## Definition
**XGBoost** (eXtreme Gradient Boosting, Chen & Guestrin 2016) is the most widely-deployed gradient boosting library. Combines a regularised objective, engineering optimisations, and excellent default behaviour. Dominated Kaggle competitions for years and remains a top-3 default for tabular ML in 2026.
## The Regularised Objective
XGBoost adds explicit regularisation to the loss:
$
\mathcal{L} = \sum_i L(y_i, \hat y_i) + \sum_t \Omega(f_t)
$
with
$
\Omega(f) = \gamma T + \frac{1}{2} \lambda \sum_j w_j^2
$
- $T$ — number of leaves in tree $f$.
- $w_j$ — leaf weights.
- $\gamma$ — penalty per leaf (encourages simpler trees).
- $\lambda$ — L2 penalty on leaf weights.
This explicit regularisation is part of why XGBoost generalises better than vanilla GBM.
## Second-Order Approximation
XGBoost expands the loss to second order in current predictions:
$
\mathcal{L} \approx \sum_i \left[ g_i \, f_t(x_i) + \frac{1}{2} h_i \, f_t(x_i)^2 \right] + \Omega(f_t)
$
with $g_i$ and $h_i$ the first and second derivatives.

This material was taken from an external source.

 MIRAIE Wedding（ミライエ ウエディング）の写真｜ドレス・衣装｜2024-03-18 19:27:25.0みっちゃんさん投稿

The optimal leaf weight and split gain have closed forms — much faster than gradient-only approaches.
## Engineering Optimisations
- **Histogram-based split finding.** Bin features into a fixed number of bins; find splits over bins, not raw values. Much faster on large data.
- **Sparsity-aware splits.** Missing values handled by default direction at each split, learned during training.
- **Cache-friendly data layout.**
- **Parallel split-finding** within each tree.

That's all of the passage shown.